» **REQUIRED ACTION**
All lines from the one containing "Silk Satin Bonnet" through the final line of the records below should be reproduced exactly, with the pictures left out.

» **RECORDS FOR THIS EXERCISE**
##########

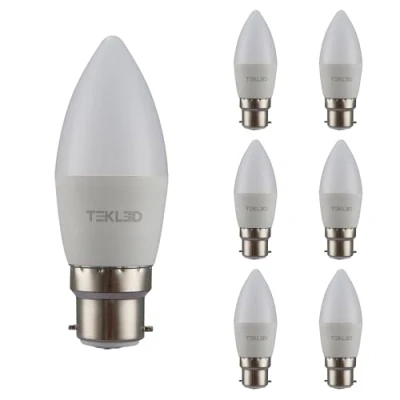 Image of TEKLED® C37 Candle DIMMABLE Cetus LED Bulbs B22 Bayonet Cap Energy Saving 6W Light White Glass Bulb 50W Incandescent Equivalent 470LM 6 Pack 2700K Warm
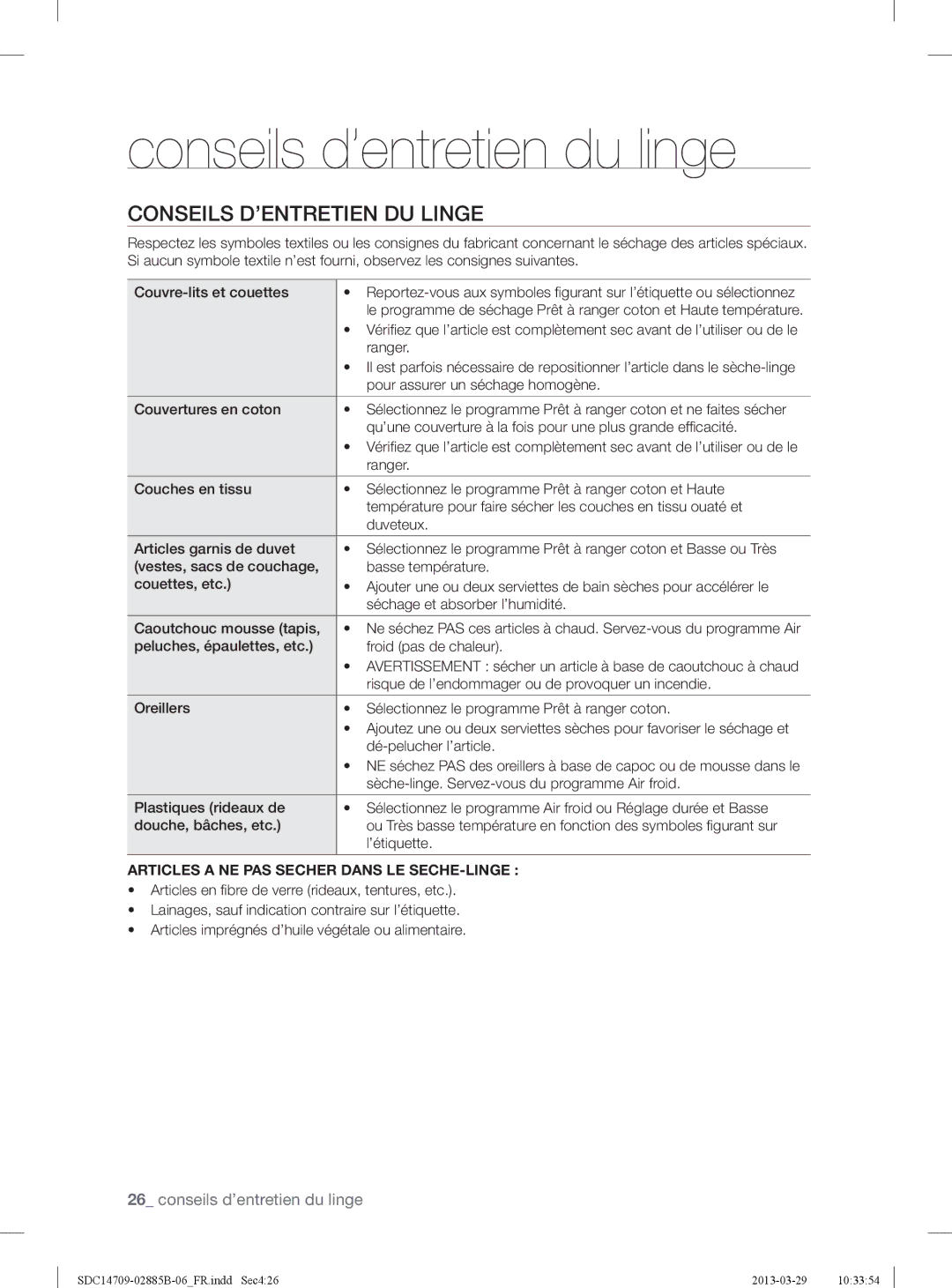 Samsung SDC14709/XEF, SDC35711/XEN, SDC35701/XEN manual Conseils d’entretien du linge, Conseils D’ENTRETIEN DU Linge 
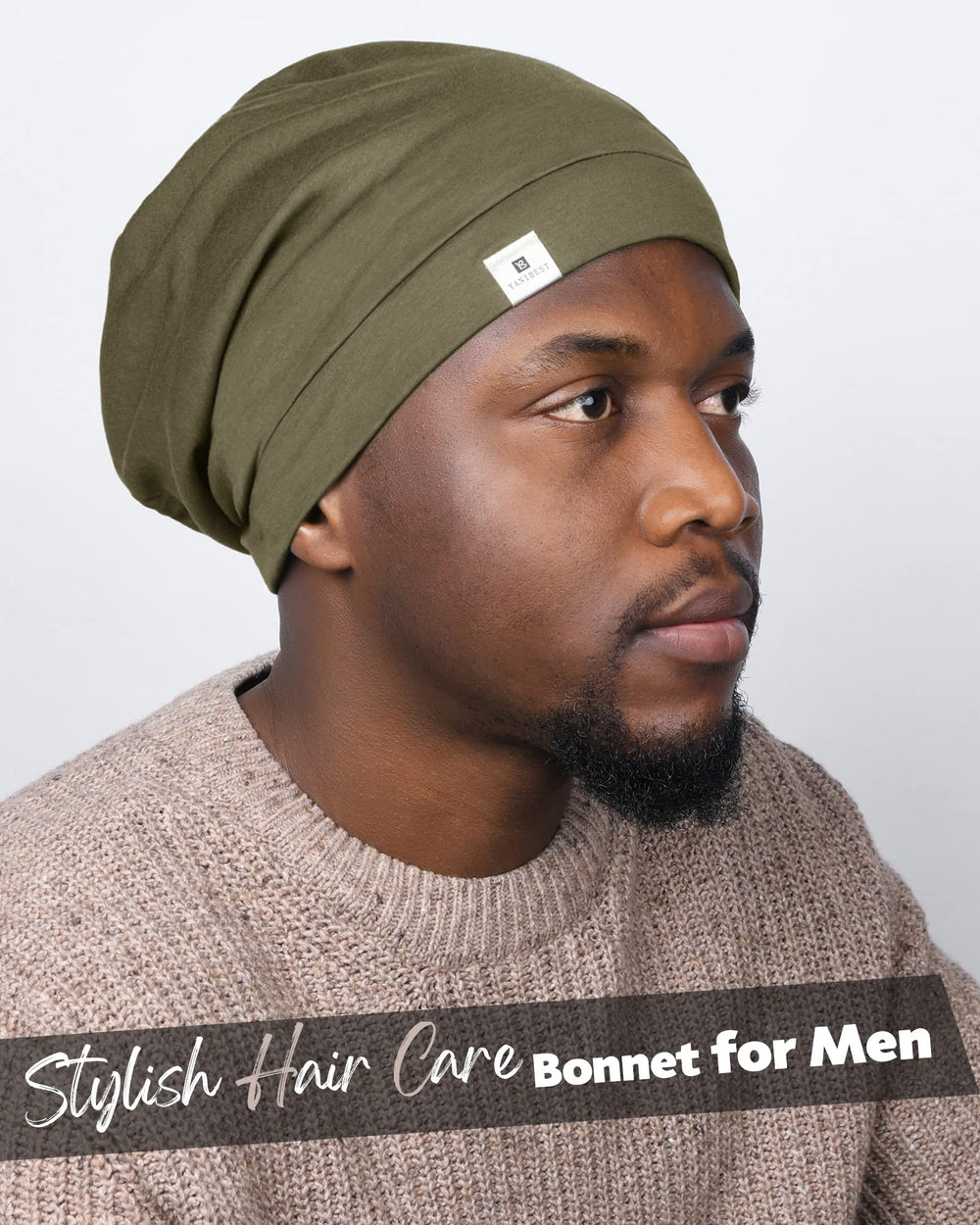 Silk Satin Bonnet Hair Cover Sleep Cap - Olive Green Adjustable Stay on Silk Lined Slouchy Beanie Hat for Night Sleeping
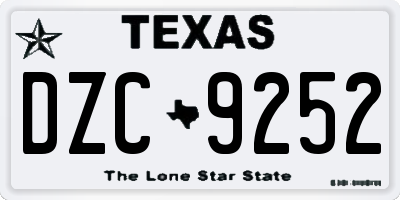 TX license plate DZC9252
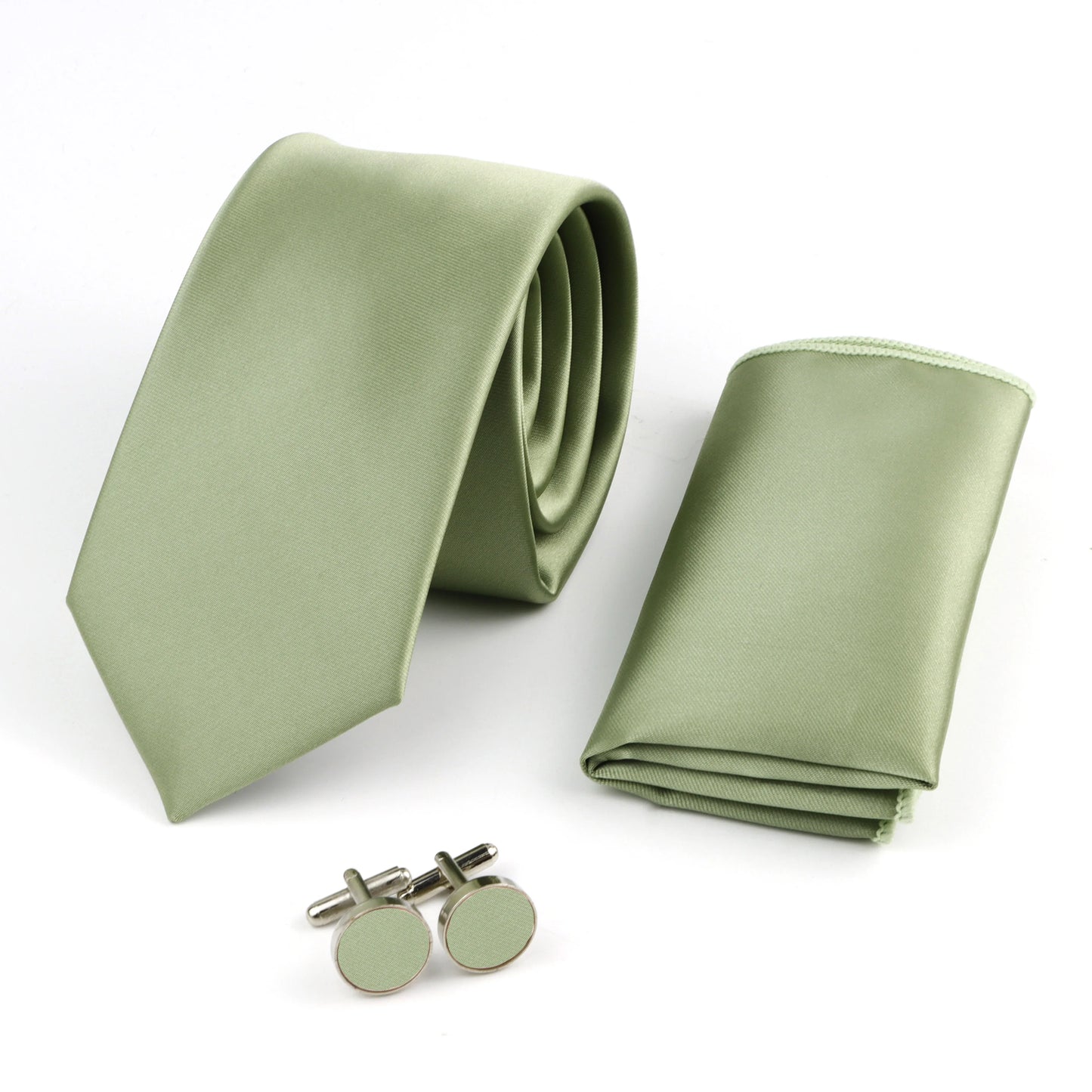 Men’s Solid Color Tie Set – Polyester Necktie Bow Tie Pocket Square & Cufflinks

##########

» **RESPONSE AREA**
 Silk Satin Bonnet Hair Cover Sleep Cap - Olive Green Adjustable Stay on Silk Lined Slouchy Beanie Hat for Night Sleeping
 TX license plate DZC9252
 Men’s Solid Color Tie Set – Polyester Necktie Bow Tie Pocket Square & Cufflinks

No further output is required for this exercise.